Experimental Study of Instruction-Based Models for Extracting Domain-Specific Entities from Student Reports


Experimental Study of Instruction-Based Models for Extracting Domain-Specific Entities from Student Reports

Melnikova A.V. (UTMN, Tyumen, Russia)
Vorobeva M.S. (UTMN, Tyumen, Russia)
Glazkova A.V. (UTMN, Tyumen, Russia; RNC, Moscow, Russia)
Morozov D.A. (NSU, Novosibirsk, Russia; RNC, Moscow, Russia)

Abstract

This work investigated the task of extracting domain-specific entities from student reports in the field of information technology. Domain-specific entities (DSE) represent key terms, skills, and named entities that reflect the thematic specifics of the text. The solutions evaluated included the keyword extraction tool rutermextract, a fine-tuned mBART language model, and instruction-tuned large language models (YandexGPT, Saiga, Tlite). The study found that fine-tuning mBART is effective given a sufficient volume of data. Instruction-based models outperformed rutermextract and show promise for low-data scenarios, with the Saiga model being particularly effective at identifying the core set of entities. The strategy of highlighting domain-specific entities within the text was found to be more accurate than extracting them as a simple list.
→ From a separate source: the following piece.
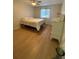 Bright bedroom with wood floors featuring a bed and a dresser with a floral arrangement at 2270 Alden Ln # A, Palm Harbor, FL 34683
However, the task requires further research: the high rate of erroneous extraction of domain-specific entities (67-89%), manifested as a complete lack of overlap with the gold-standard entities, indicates the models' difficulty in separating the core entity from its context. The main limitations of the study are the small corpus size (2,933 texts) and the use of simple instructions. Promising research directions include developing more detailed instructions and evaluating the approaches in other domains and text types.

Keywords

domain-specific entities; entity extraction; natural language processing; pre-trained language models; instruction-based models; generative language models; report document analysis; instruction tuning.

Edition

Proceedings of the Institute for System Programming, vol. 38, issue 2, 2026, pp. 165-182

ISSN 2220-6426 (Online), ISSN 2079-8156 (Print).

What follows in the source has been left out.